Por um Punhado de Dólares (1964) foi, em vários sentidos, o verdadeiro começo de Leone. Era um western, o gênero que o fez famoso, e já trazia, de cara, todas as marcas que ele refinaria à perfeição nos trabalhos seguintes: a incrível habilidade para criar suspense, usando principalmente o truque de intercalar close-ups dramáticos com planos gerais, onde a vastidão da natureza contrasta com a mesquinhez humana; os diálogos secos, não raro hilários; a montagem impecável, que constrói verdadeiros tours de force nas sequências de ação; e a parceria com o grande compositor Ennio Morricone, que criou seus maiores scores para os filmes do italiano.

Punhado também lançou uma das grandes estrelas do cinema: Clint Eastwood, o imortal caubói/galã/diretor, que, na época com 33 anos, nunca havia feito um filme importante, e cogitava seriamente desistir da carreira.

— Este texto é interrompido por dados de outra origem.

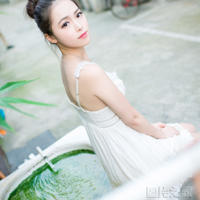 撞了一下又一下(上一节楼梯就撞一次)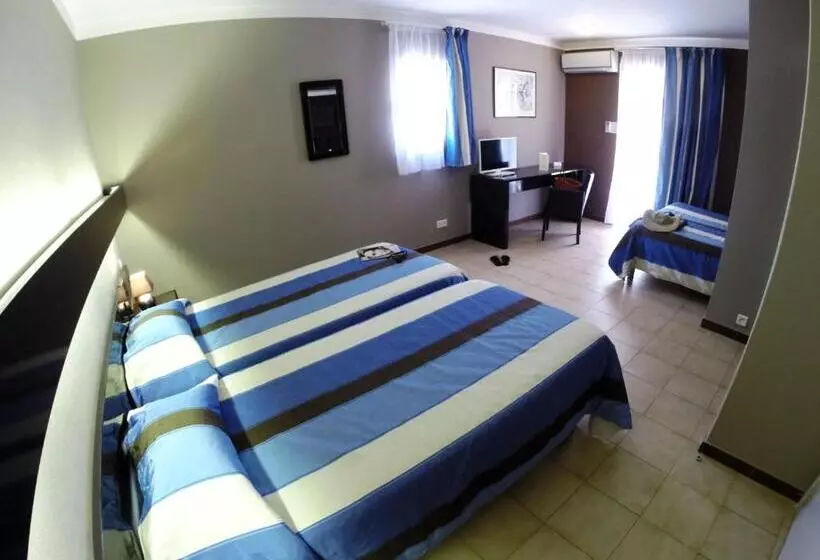 Hotelli Hôtel Beach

O filme foi um grande sucesso, e não só na Itália. Financiadores americanos ajudaram na segunda incursão de Leone pelo gênero, que ganhou o nome Por Uns Dólares a Mais (1965) – bastante honesto, convenhamos. Mas não se engane com o título: enquanto Punhado era um filme modesto, quase uma refilmagem de Yojimbo, de Kurosawa, a ponto de ter cenas literalmente copiadas do original japonês, em Dólares Leone finalmente mostra a que veio, com os diálogos mordazes característicos do diretor, a nova importância dada à música, e um duelo final que mostra a sua crescente sofisticação. Outro nome famoso se junta à trupe: Lee Van Cleef, que iria se notabilizar como vilão no filme seguinte do diretor, o melhor dos três ao lado de Eastwood, e – polêmica – talvez o maior western do cinema.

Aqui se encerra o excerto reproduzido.